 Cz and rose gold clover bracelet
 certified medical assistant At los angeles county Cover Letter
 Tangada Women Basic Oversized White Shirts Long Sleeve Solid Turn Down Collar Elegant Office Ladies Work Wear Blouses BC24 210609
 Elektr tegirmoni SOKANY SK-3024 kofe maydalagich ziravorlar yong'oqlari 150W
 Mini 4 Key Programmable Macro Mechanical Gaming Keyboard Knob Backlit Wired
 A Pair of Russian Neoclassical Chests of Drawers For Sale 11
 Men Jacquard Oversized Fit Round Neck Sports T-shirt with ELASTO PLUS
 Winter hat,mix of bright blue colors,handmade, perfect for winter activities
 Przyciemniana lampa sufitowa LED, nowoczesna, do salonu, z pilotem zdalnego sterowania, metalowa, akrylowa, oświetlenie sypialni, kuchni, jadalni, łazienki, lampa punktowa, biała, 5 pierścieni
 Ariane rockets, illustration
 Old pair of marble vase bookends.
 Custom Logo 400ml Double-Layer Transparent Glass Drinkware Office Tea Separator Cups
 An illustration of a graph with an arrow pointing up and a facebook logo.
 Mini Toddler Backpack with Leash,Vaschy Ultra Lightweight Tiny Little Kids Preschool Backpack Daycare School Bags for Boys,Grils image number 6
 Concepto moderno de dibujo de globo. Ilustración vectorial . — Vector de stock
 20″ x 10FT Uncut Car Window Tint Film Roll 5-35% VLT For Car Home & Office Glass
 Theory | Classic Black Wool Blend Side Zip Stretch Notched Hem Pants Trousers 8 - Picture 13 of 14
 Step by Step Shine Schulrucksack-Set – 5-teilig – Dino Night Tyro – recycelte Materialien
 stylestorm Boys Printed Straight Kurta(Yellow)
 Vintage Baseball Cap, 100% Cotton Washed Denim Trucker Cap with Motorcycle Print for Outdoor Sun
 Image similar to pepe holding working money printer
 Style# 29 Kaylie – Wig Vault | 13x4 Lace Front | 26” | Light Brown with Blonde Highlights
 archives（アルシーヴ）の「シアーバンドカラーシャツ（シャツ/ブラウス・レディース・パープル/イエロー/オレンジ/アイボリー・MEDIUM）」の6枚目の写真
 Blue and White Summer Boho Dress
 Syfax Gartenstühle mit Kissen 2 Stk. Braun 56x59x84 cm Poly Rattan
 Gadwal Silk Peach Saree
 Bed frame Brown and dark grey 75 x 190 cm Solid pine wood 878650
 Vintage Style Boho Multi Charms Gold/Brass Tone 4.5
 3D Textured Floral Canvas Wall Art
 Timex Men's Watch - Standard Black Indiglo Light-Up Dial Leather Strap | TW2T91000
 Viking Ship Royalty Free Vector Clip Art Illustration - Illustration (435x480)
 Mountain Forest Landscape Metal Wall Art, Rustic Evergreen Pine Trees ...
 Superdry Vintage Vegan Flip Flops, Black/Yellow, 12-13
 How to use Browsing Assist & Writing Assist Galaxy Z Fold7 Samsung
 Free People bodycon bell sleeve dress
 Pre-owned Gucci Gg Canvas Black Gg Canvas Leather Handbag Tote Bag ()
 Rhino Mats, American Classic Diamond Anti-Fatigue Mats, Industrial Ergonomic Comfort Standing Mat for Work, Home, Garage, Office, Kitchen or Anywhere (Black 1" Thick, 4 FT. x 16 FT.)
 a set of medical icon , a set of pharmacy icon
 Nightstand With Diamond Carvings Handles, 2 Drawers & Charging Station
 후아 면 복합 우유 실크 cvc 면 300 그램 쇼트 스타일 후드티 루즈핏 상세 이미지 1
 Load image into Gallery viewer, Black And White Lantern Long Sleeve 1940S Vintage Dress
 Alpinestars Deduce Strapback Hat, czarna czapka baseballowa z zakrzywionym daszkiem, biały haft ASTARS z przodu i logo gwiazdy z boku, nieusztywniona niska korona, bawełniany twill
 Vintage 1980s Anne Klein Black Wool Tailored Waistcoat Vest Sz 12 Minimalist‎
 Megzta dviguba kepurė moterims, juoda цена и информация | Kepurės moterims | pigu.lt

============

• [What is needed] From the very first line of the records down to the line with "Men Jacquard Oversized", please write out each line exactly, including both ends and no other lines.

• [Answer box]
 Cz and rose gold clover bracelet
 certified medical assistant At los angeles county Cover Letter
 Tangada Women Basic Oversized White Shirts Long Sleeve Solid Turn Down Collar Elegant Office Ladies Work Wear Blouses BC24 210609
 Elektr tegirmoni SOKANY SK-3024 kofe maydalagich ziravorlar yong'oqlari 150W
 Mini 4 Key Programmable Macro Mechanical Gaming Keyboard Knob Backlit Wired
 A Pair of Russian Neoclassical Chests of Drawers For Sale 11
 Men Jacquard Oversized Fit Round Neck Sports T-shirt with ELASTO PLUS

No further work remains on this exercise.